В апреле 1918 года Турция начала военные действия против федерации. Военно-политическая обстановка накалилась до предела, и 11 мая 1918 года в Батуми возобновились мирные переговоры между Закавказьем и Турцией. Закавказскую делегацию возглавлял Акакий Чхенкели, а миссию посредника выполняла делегация Германии во главе с генералом Отто Фон Лоссовым. В ходе конференции выявилась бесперспективность существования закавказского союзного государства, поскольку грузины, азербайджанцы и армяне придерживались различных политических ориентаций: грузины избрали прогерманскую ориентацию, армяне – проанглийскую, а азербайджанцы – протурецкую. Переговоры в Батуми между Турцией и Закавказьем теряли смысл, и Германия предложила Грузии защиту при условии распада Закавказской Федеративной Республики и обращения Грузии за помощью к Германии. Лишь в этом случае Германия брала на себя защиту Грузии от турецкой агрессии. 26 мая 1918 года Закавказский сейм констатировал прекращение существования Закавказской Демократической Федеративной Республики, и Азербайджан, Армения и Грузия объявили себя независимыми.
Такова хроника возникновения и распада первого единого независимого закавказского государства. Что стало причиной образования Закавказской Демократической Федеративной Республики? Во всяком случае, не интеграционные процессы в Закавказье. Ее возникновение в первую очередь было обусловлено ослаблением России, вызванным февральской революцией 1917 года, а также необходимостью выживания в ходе турецкой агрессии. Смена формы правления Закавказьем с наместничества, имевшего форму строгой вертикали власти, на более демократический Особый закавказский комитет привела к развитию центробежного национал– и социал-демократического движения в регионе, хотя справедливости ради надо отметить, что ни этот комитет, ни в дальнейшем Закавказский комиссариат не ставили перед собой цели отторжения от России. В первой декларации комиссариата подчеркивалось, что "власть эта сконструирована временно, лишь до созыва Всероссийского учредительного собрания".

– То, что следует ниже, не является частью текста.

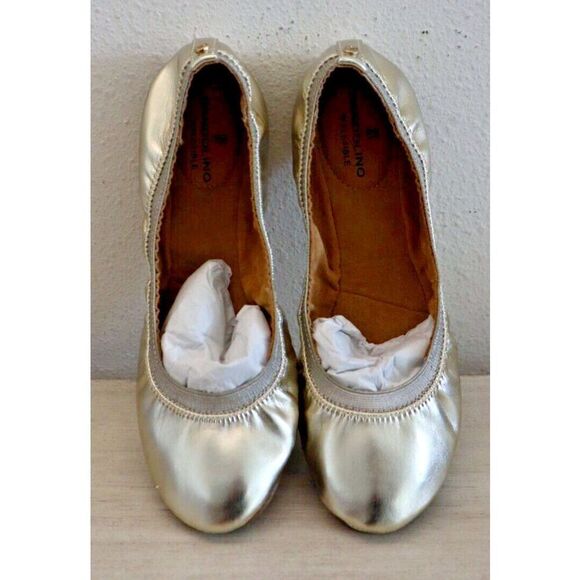 Bandolino Women's Sz 6.5M Gold Metallic Edition Ballet Flats - Picture 8 of 8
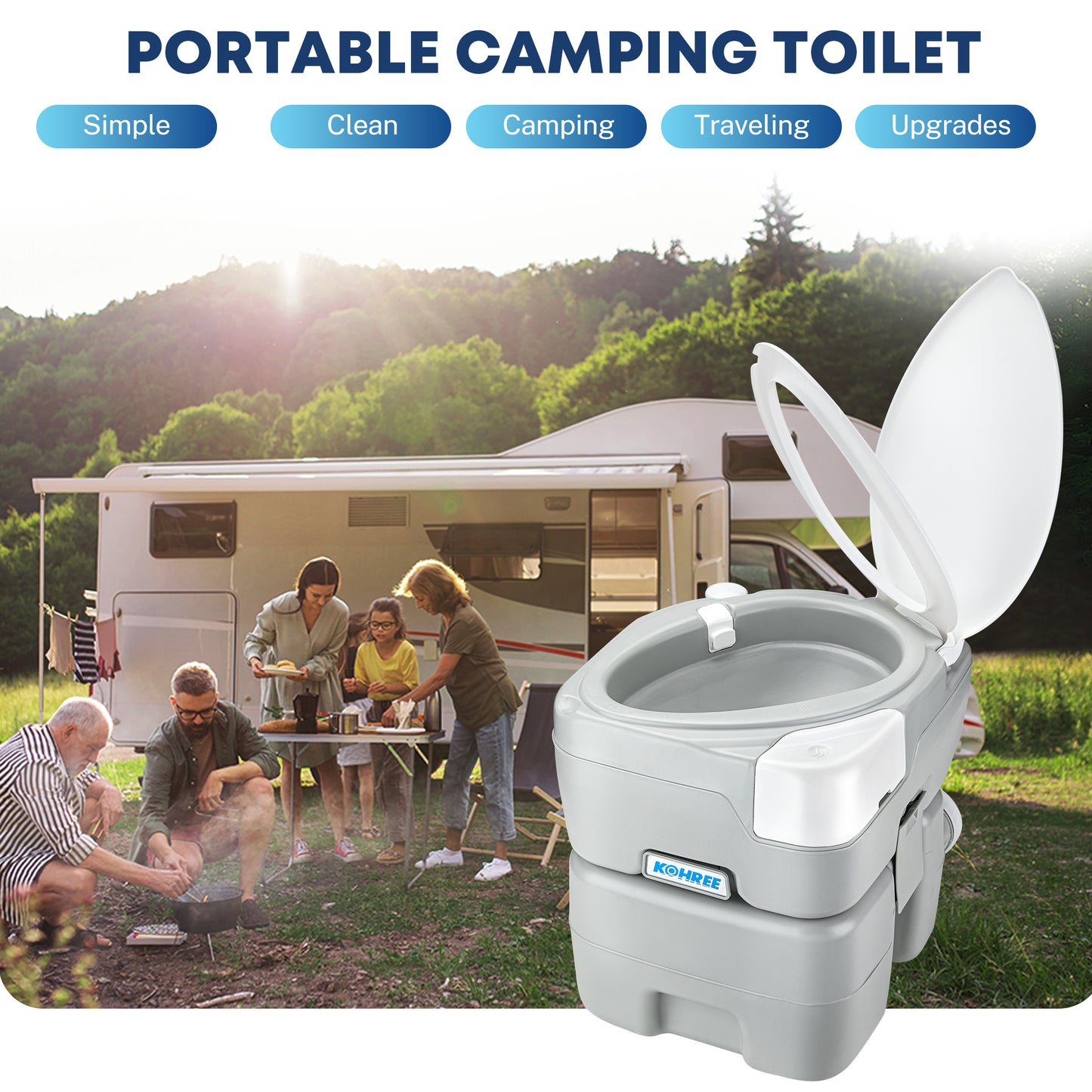 Kohree Camping Toilet for Adults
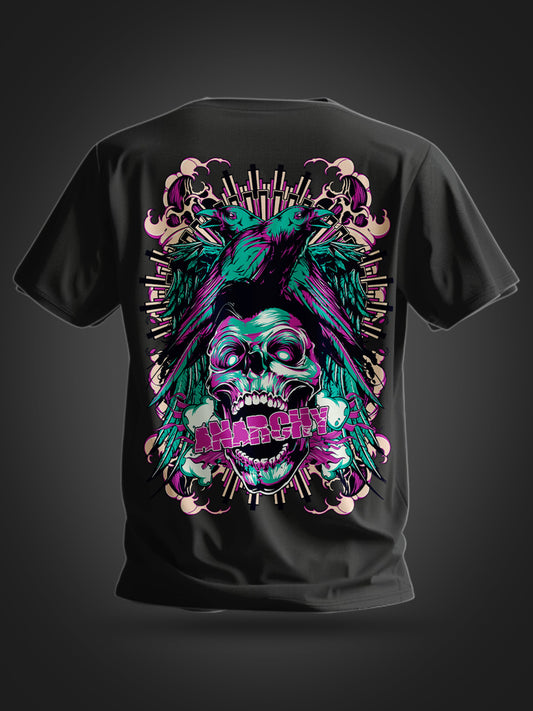 Skull Angry Oversized T-shirt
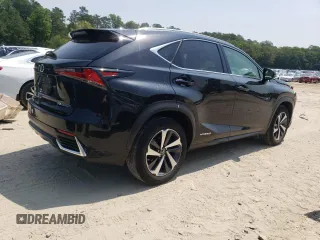 2019 Lexus NX 300h with VIN JTJBJRBZ3K2104833, listed as a Copart auction lot 60266395 with 109,030 mi miles and Salvage title. Bid and sale history available at DreamBid. Image 3.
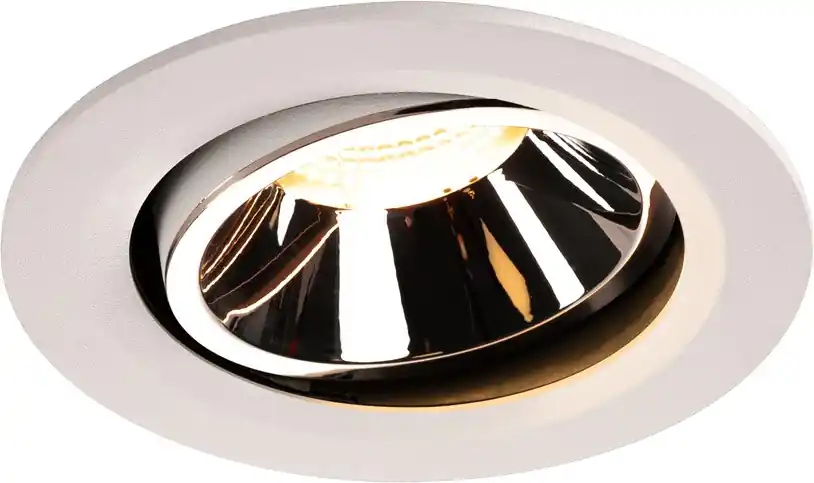Kostenfreie Lieferung SLV NUMINOS® MOVE DL L, Indoor LED Deckeneinbauleuchte weiß/chrom 3000K 40° dreh- und schwenkbar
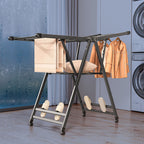1.4m Portable Wing Shape Clothes Drying Rack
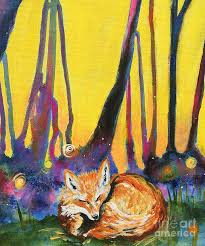 And then, you saw this enchanted fox which made you mesmerize of its beauty that you have forgotten what you came for. Enchanted Fox Painting By Kim Heil
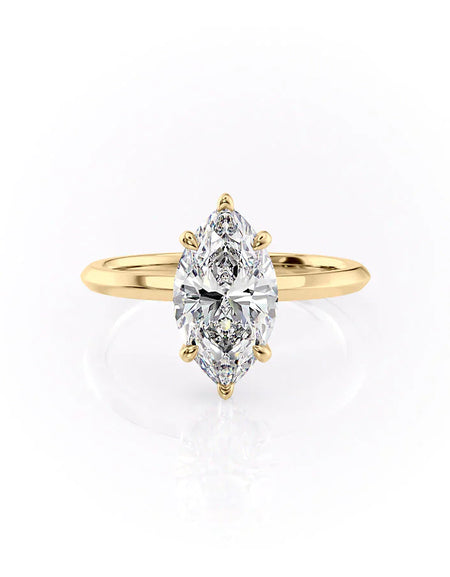 The Razor Kamellie Marquise Yellow Gold 14k, The Razor Kamellie Marquise Yellow Gold 18k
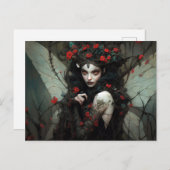 Donkere Fairy Fantasy Kunst Briefkaart (Voorkant / Achterkant)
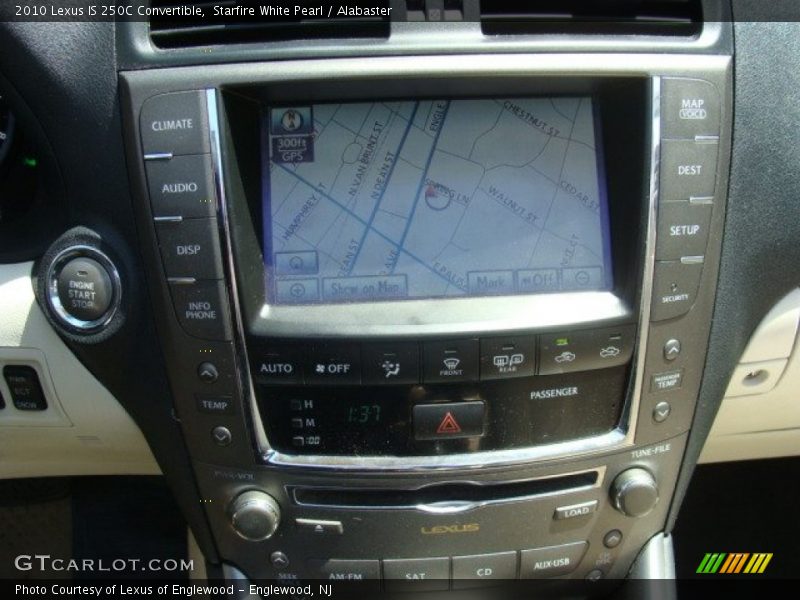 Starfire White Pearl / Alabaster 2010 Lexus IS 250C Convertible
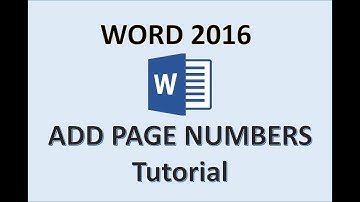 Word 2016 - Page Numbers - How to Add Number in Header on Microsoft and Put Pages on 2017 2018 & 365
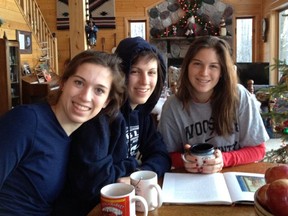 This undated family photo released by the Teton County Sheriff’s Office shows Megan Margaret Andrews-Sharer, centre, of Milwaukee; with sisters, Erin Andrews-Sharer, right, of Columbus, Ohio, and Kelsi Andrews-Sharer, of Columbus, Ohio. A search is being conducted in a northwest Wyoming wilderness area for the three sisters who failed to return Tuesday, July 7, 2015, from an extended backcountry trip. (Teton County Sheriff’s Office via AP)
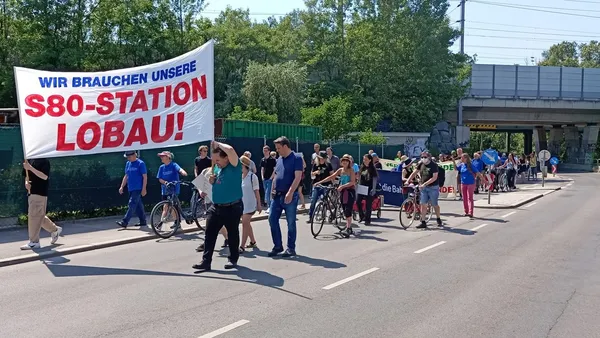 Protest- und Stationswanderung, Foto 3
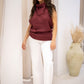 NEW MARGOT CABLE KNIT TOP (BURGUNDY)
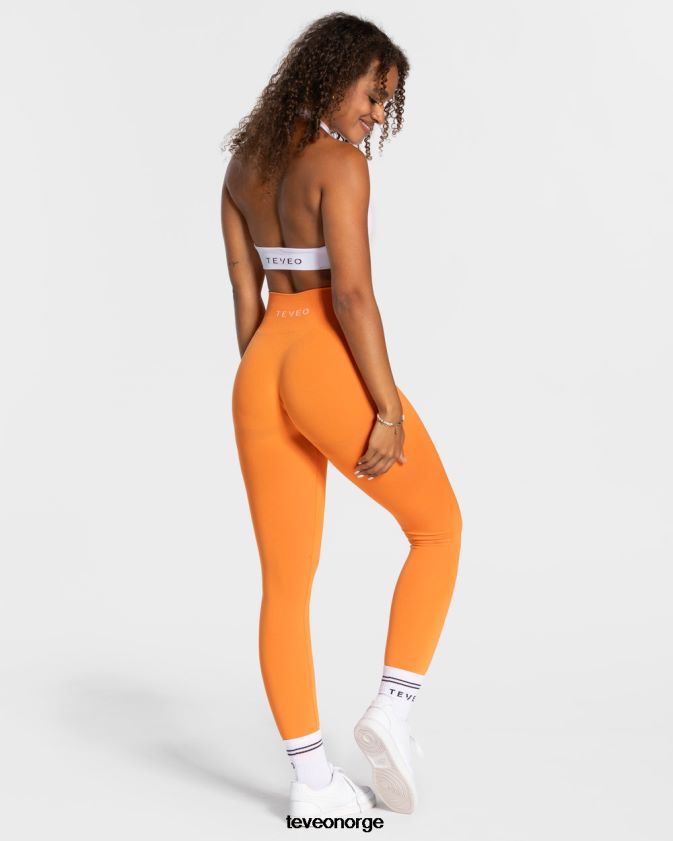 TEVEO klær 0H40JL78 oransje kvinner stilige leggings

Лидер грузинских меньшевиков Ной Жордания вспоминал: "Мы еще надеялись, что в России смогут положить конец большевизму, сумеют создать нормальное правительство". Решение о разрыве связей с Советской Россией пришло позже, после разгона большевиками Учредительного собрания России в ночь на 6 января 1918 года, когда стало ясно, что большевики власть не отдадут. Последним же аккордом к созданию независимой Закавказской республики стало подписание Брест-Литовского мира, согласно которому Советская Россия отказывалась от значительных территорий. В частности, на Кавказе к Турции отходили Карс, Ардаган и Батум.